In the end, reading the Fed statement is like looking at a Rorschach test. What you see in it depends on what you are looking for. The mortgage bond market (which is the basis for mortgage interest rates) went for a wild ride today, getting worse when the statement was first announced, but ending the day almost the same as where it started, keeping mortgage rates about the same.

Here is the statement in full:

Information received since the Federal Open Market Committee met in June suggests that economic activity is leveling out. Conditions in financial markets have improved further in recent weeks. Household spending has continued to show signs of stabilizing but remains constrained by “. Businesses are still cutting back on fixed investment and staffing but are making progress in bringing inventory stocks into better alignment with sales. Although economic activity is likely to remain weak for a time, the Committee continues to anticipate that policy actions to stabilize financial markets and institutions, fiscal and monetary stimulus, and market forces will contribute to a gradual resumption of sustainable economic growth in a context of price stability.

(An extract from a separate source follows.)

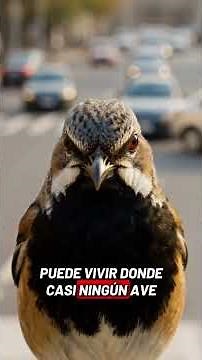 The bird that conquered all the cities 🐦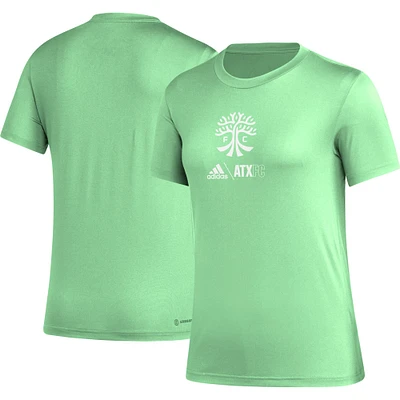 T-shirt adidas Mint Austin FC AEROREADY Club Icon pour femme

The prices of energy and other commodities have risen of late. However, substantial resource slack is likely to dampen cost pressures, and the Committee expects that inflation will remain subdued for some time.

In these circumstances, the Federal Reserve will employ all available tools to promote economic recovery and to preserve price stability. The Committee will maintain the target range for the federal funds rate at 0 to 1/4 percent and continues to anticipate that economic conditions are likely to warrant exceptionally low levels of the federal funds rate for an extended period. As previously announced, to provide support to mortgage lending and housing markets and to improve overall conditions in private credit markets, the Federal Reserve will purchase a total of up to $1.25 trillion of agency mortgage-backed securities and up to $200 billion of agency debt by the end of the year. In addition, the Federal Reserve is in the process of buying $300 billion of Treasury securities. To promote a smooth transition in markets as these purchases of Treasury securities are completed, the Committee has decided to gradually slow the pace of these transactions and anticipates that the full amount will be purchased by the end of October. The Committee will continue to evaluate the timing and overall amounts of its purchases of securities in light of the evolving economic outlook and conditions in financial markets. The Federal Reserve is monitoring the size and composition of its balance sheet and will make adjustments to its credit and liquidity programs as warranted.

Voting for the FOMC monetary policy action were: Ben S. Bernanke, Chairman; William C. Dudley, Vice Chairman; Elizabeth A. Duke; Charles L. Evans; Donald L. Kohn; Jeffrey M. Lacker; Dennis P. Lockhart; Daniel K. Tarullo; Kevin M. Warsh; and Janet L. Yellen.